Y queda la promesa que les deja, la venida del Espíritu Santo que les dará fuerza para todo lo que tienen que hacer. No saben muy bien cómo será eso, pero sucederá pronto, se lo dice la marcharse y a los pocos días se cumple la promesa cuando el Espíritu Santo llena la sala donde todos unidos en María oran y esperan la venida del fuego del amor divino que ha prometido el Hijo de María Virgen que acompaña a todos sus hijos en estos momentos tan cruciales.
Al llegar ese momento María seguro que se acuerda de su esposo José, el varón justo y fiel que acompaña a su Hijo y a ella misma durante los años de infancia y juventud. Ahí hay otras escenas, otras huellas y otras promesas. ¿Hablaría María de San José a los apóstoles? Seguro que sí y su Hijo también les contaría las maravillas de su padre José a sus más queridos amigos. ¿Quién no habla de su padre a los que son sus amigos de verdad? ¿Qué mujer olvida al marido difunto y no lo tiene presente cuando llegan momentos especiales en la vida donde ya no pueden vivirlos juntos?
Vamos a otra escena, el Nacimiento del Niño Dios, una escena que tiene mucho que decir, pero nos quedamos con San José. ¿Cómo viviría San José esa escena? San José también miraría a lo alto cuando todo se llena de luz, de ángeles, de pastores, de visitas, de esos vecinos que quieren ver a su Hijo y adorarle. Él ya lo tomado en sus brazos y lo contempla y da gracias a Dios junto con María, pero en la pobreza, humildad y oscuridad de una cueva donde se guardan animales. Allí hay muchas huellas del ganado que da calor a su Hijo y a su Mujer, pero esas huellas, que son numerosas, se borran con el ir y venir de los pastores que se acercan a la cueva.

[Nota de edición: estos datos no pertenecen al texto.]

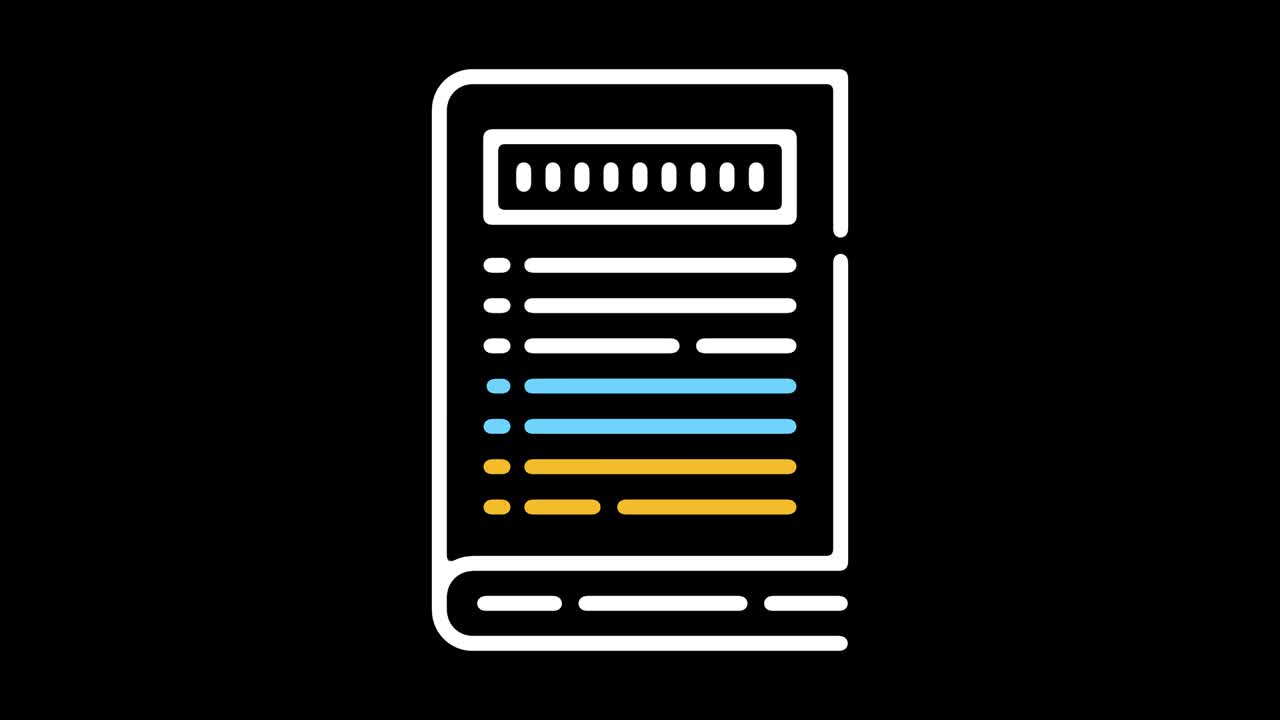 Instruction Handbook Line Icon Animation with Alpha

A San José le pasa como a los apóstoles cuando ven al Señor ascender al cielo, que las huellas se le quedan en el corazón y no se le borran. Esas huellas que en el hogar de Nazaret dejan María y Jesús cuando van a ver qué hace en el taller y pisan las virutas de madera dejando sobre el suelo las huellas de la Madre de Dios y del mismo Dios es lo que queda para siempre en su corazón. Esas huellas que se quedan en el caminar juntos por Nazaret y ver cómo crece su Hijo y cómo su Mujer alimenta y cuida de su Hijo y de él mismo a la vez no lo puede olvidar. Son huellas del amor de Dios en su corazón que le confortan ante todo lo que ha sufrido hasta ver a su Hijo entre sus brazos.
Y la promesa que ha recibido en sueños José se cumple, su Hijo es el Hijo de Dios, su vida se desarrolla y él no ve el final, la amarga y dolorosa Pasión y Muerte, ni tampoco la Resurrección y Ascensión, pero sabe que las promesas de Dios se cumplen, por eso se va a Egipto, y vuelve cuando se lo pide Dios y en vez de ir a Belén se va a Nazaret y se abre al misterio de Dios con toda la humildad de un sencillo carpintero que cuida de una familia, la Sagrada Familia de Nazaret.
Entonces, si vivimos unidos a San José, compartiremos con él una escena, unas huellas y una promesa.